The skill models storage engines as ACSet schemas and computes morphism relationships, incidents, and Betti-number style coverage metrics to reveal information flow and irreversible mappings. Each comparison dimension is explored programmatically (storage, sparsity, dynamic/static, versioning, traversal, indexes, compression, query model, embeddings, interoperability, concurrency, memory). Outputs include ACSet representations, traversal patterns, and persistent-homology indicators for translation loss.

When to use it

  • Choosing between a columnar OLAP engine and a vector-first store for mixed analytics + search workloads
  • Evaluating schema evolution and versioning strategies for long-lived datasets
  • Designing interoperability paths when embedding vectors must interoperate with relational data
  • Auditing where semantic information is lost when translating between storage systems
  • Benchmarking storage and traversal trade-offs for hybrid analytic + embedding pipelines

Best practices

  • Represent each storage engine as an explicit ACSet schema before comparison to make morphisms first-class
  • Explore all 12 canonical dimensions; avoid optimizing a single metric in isolation
  • Use deterministic seeds (Gay.jl) for reproducible sampling across dimensions
  • Treat vector semantics as first-class: prefer VectorColumn-aware ACSet nodes when embeddings matter
  • Map versioning strategies explicitly (append-only vs in-place) to preserve temporal guarantees

Example use cases

  • Compare DuckDB-style rowgrouped columnar layout with LanceDB-style fragment + manifest vector store to decide storage layout
  • Detect translation dead zones where vector indexes or manifests cannot be losslessly mapped to a relational schema
  • Quantify density/sparsity trade-offs and expected compression for numeric and vector data across engines
  • Plan migration that preserves version semantics by mapping SDK, file, and table format morphisms
  • Generate interoperable type bindings (e.g., Pydantic/Jackson) from ACSet schemas for cross-language integration

FAQ

Does this skill require running both systems to compare them?

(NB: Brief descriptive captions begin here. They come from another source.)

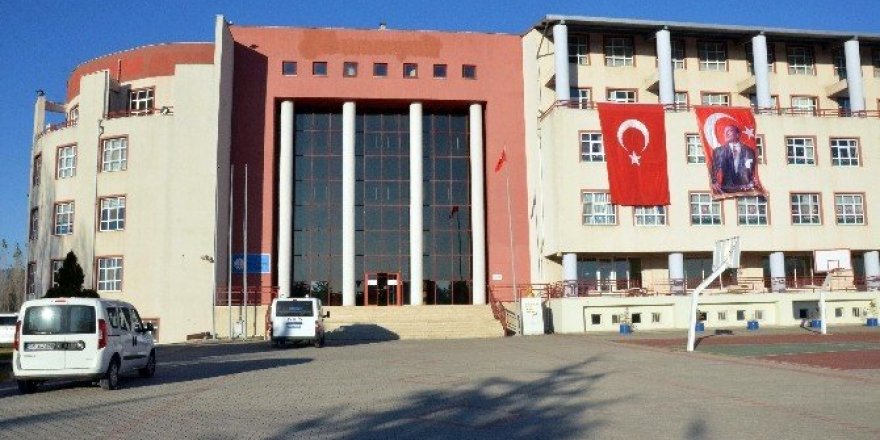 FETÖ’nün eski okulunda gizli kameralar ortaya çıktı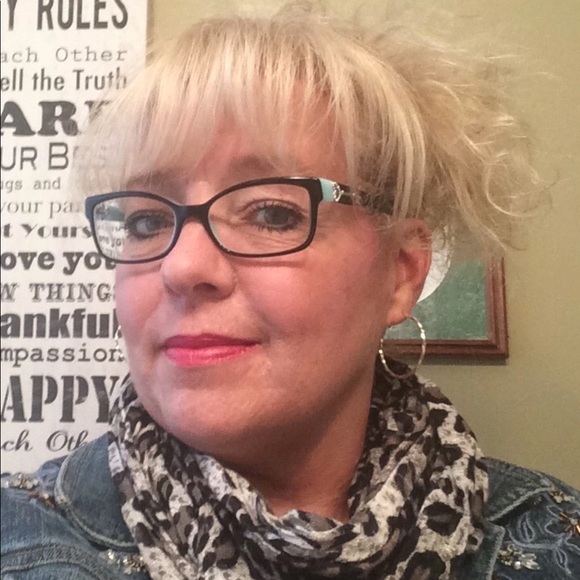 Meet your Posher, Michelle - Picture 3 of 4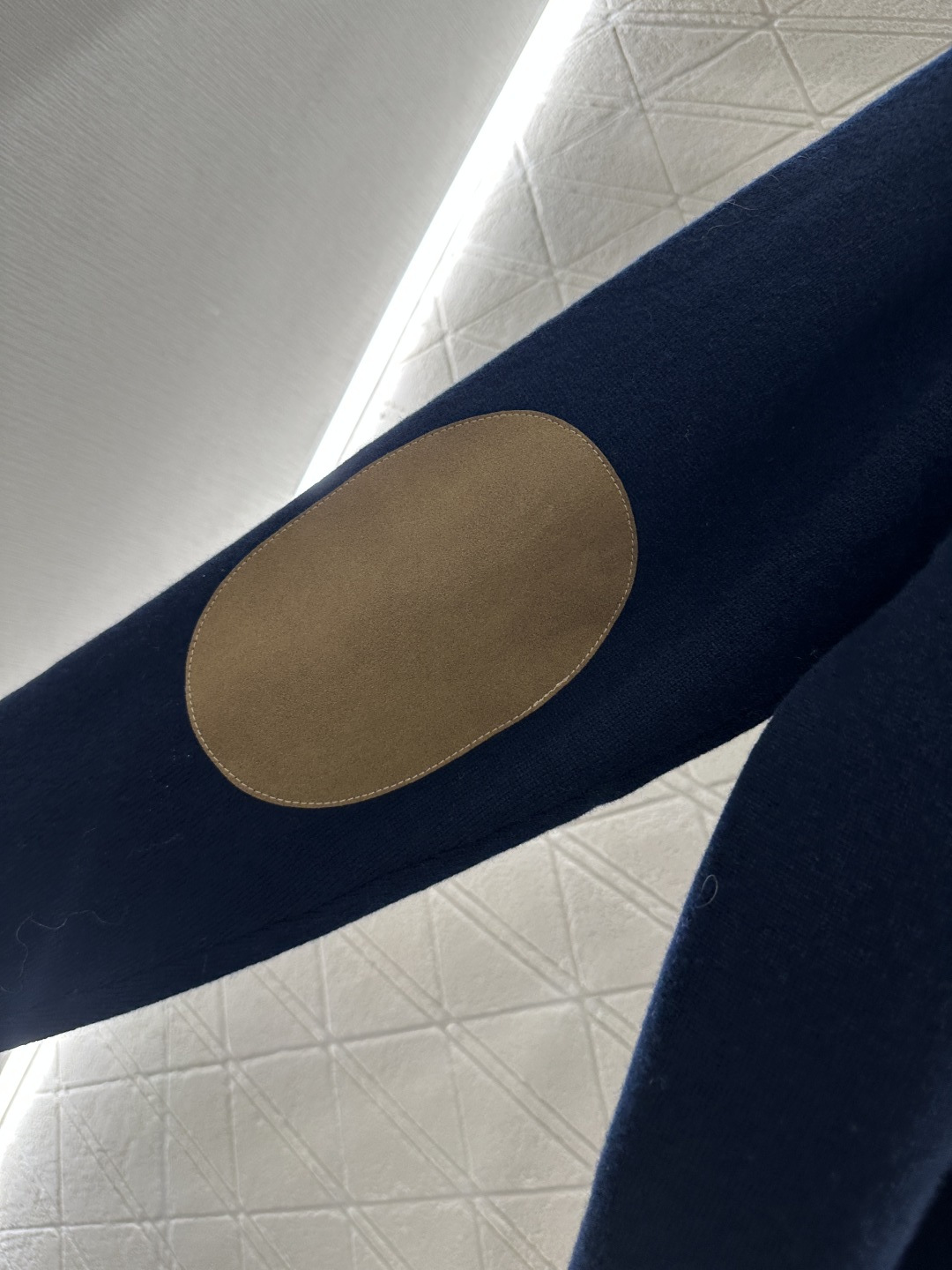 ♥Miumi*♥2025新品上架
     拉链翻领针织上衣
定制YB羊绒纱线织造 质感高级 舒适柔软 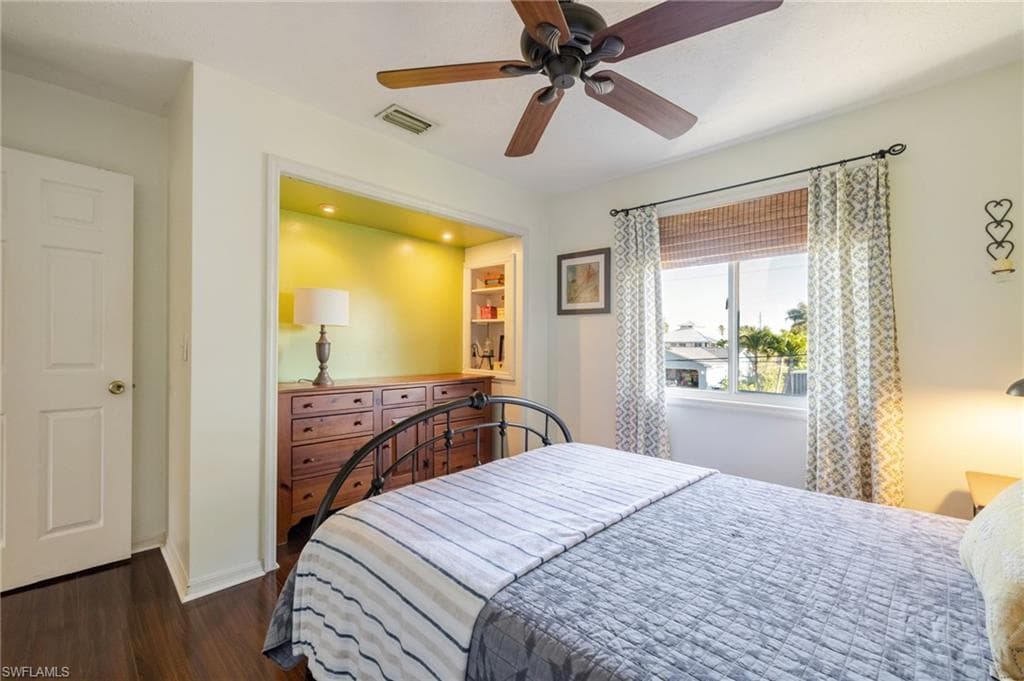 4730 Pembrooke LN-17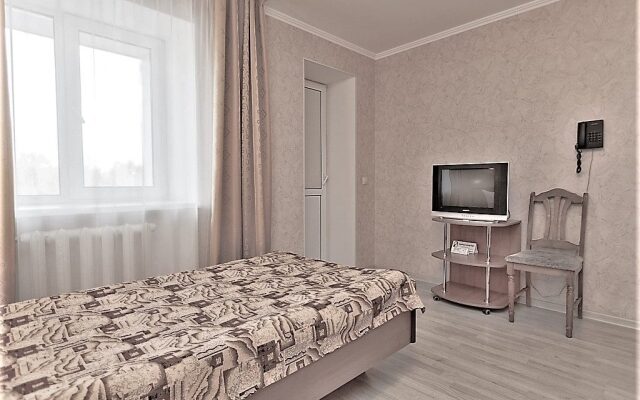 Uyut Flat 4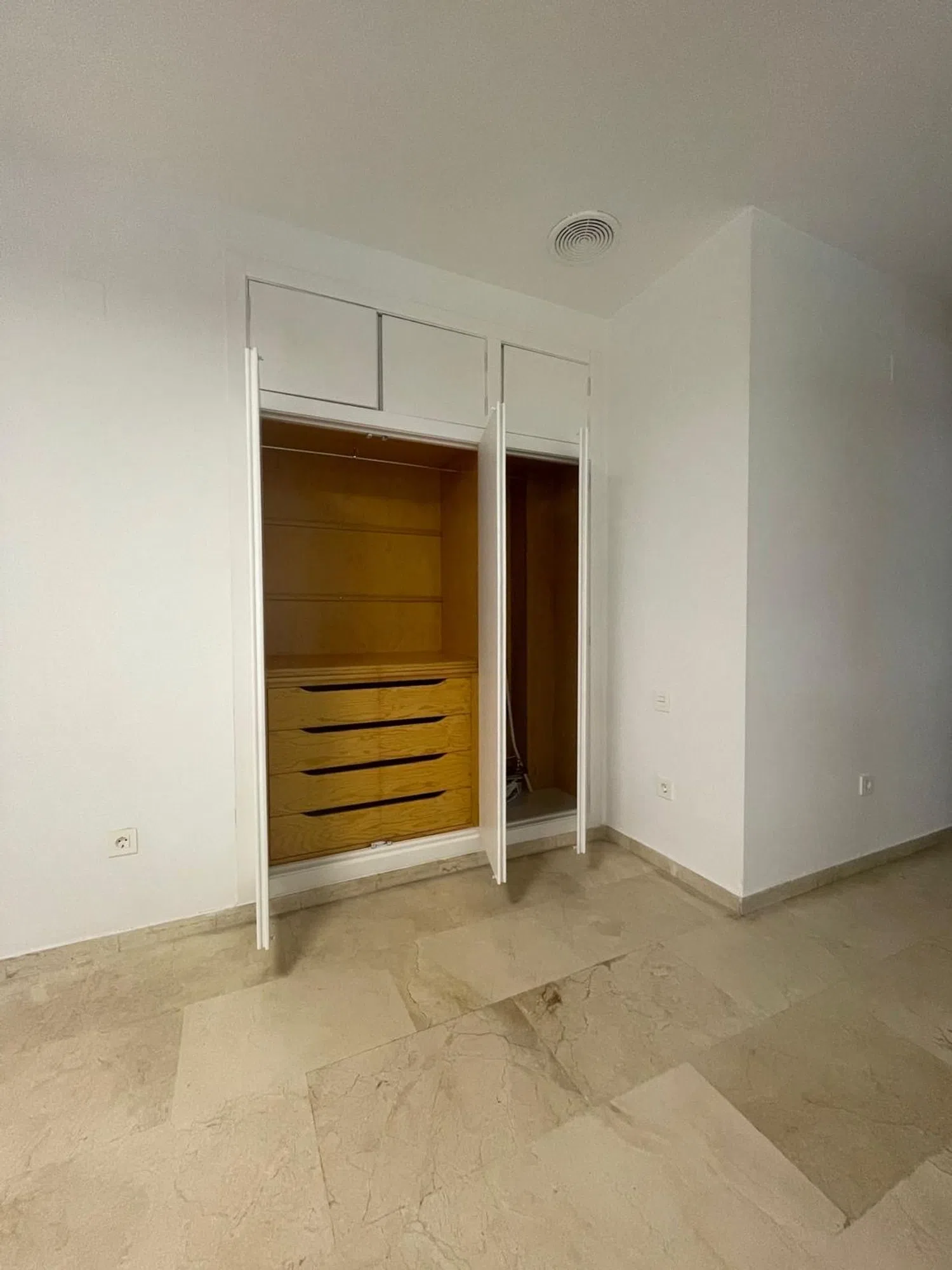 Piso en calle Ambrosio de Salazar, 1 - Foto 5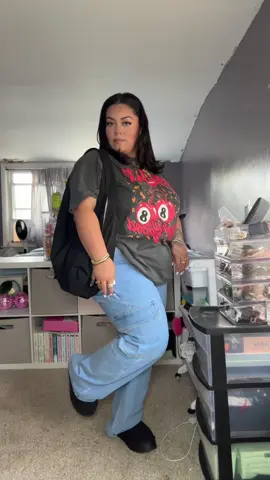 Outfit of the Day 🍒🐆  | Outfitoftheday Outfit Ideas Comfort Color Tee Slouch Shoulder Bag Casual Outfit Casual Outfit Ideas #OOTD #dopaminedressing #outfit #outfitinspo #outfitoftheday 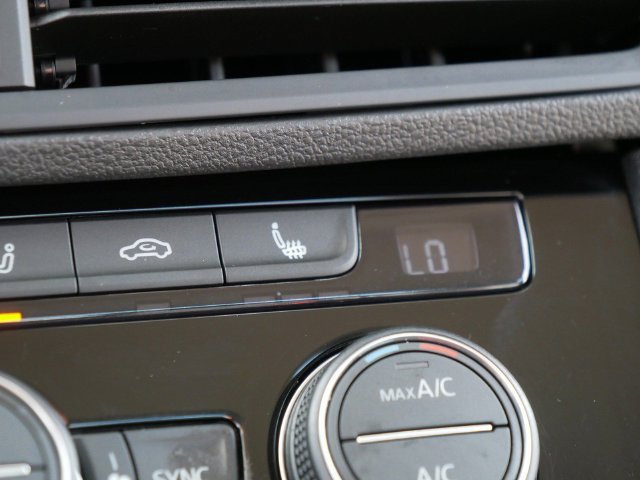 Certified 2023 Volkswagen Jetta SE FWD image 32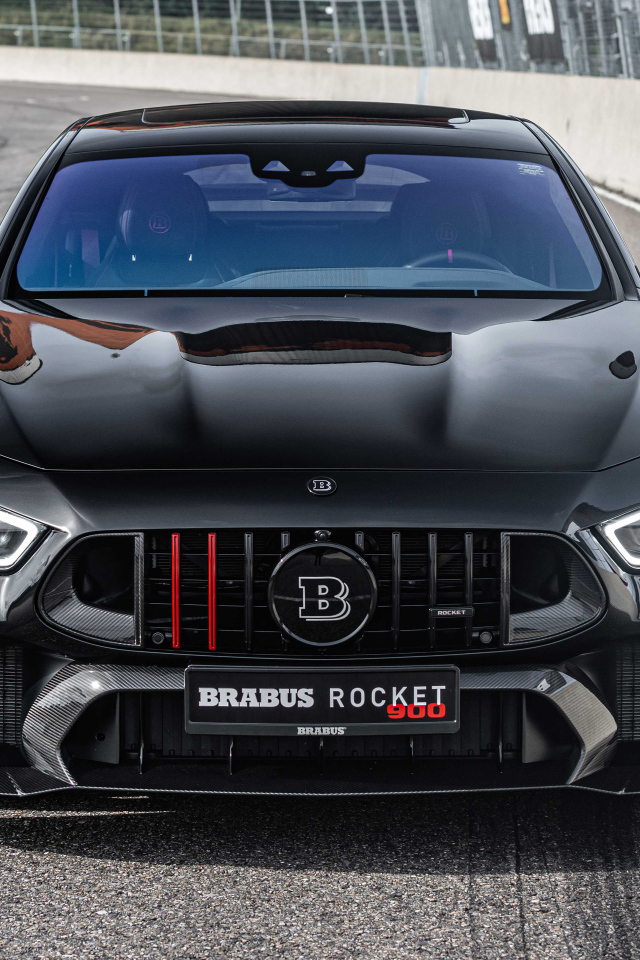 Черный автомобиль Brabus Rocket 900 One Of Ten Mercedes-AMG GT 63 S 4MATIC+ на дороге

No. The comparison operates on ACSet schemas and morphisms that model structural and semantic properties; runtime traces are optional for deeper perf analysis.

Can it identify irreversible information loss between systems?

Yes. It flags dead zones and persistent homology features that indicate irreversible mappings, such as vector-index semantics lost when translating to plain columns.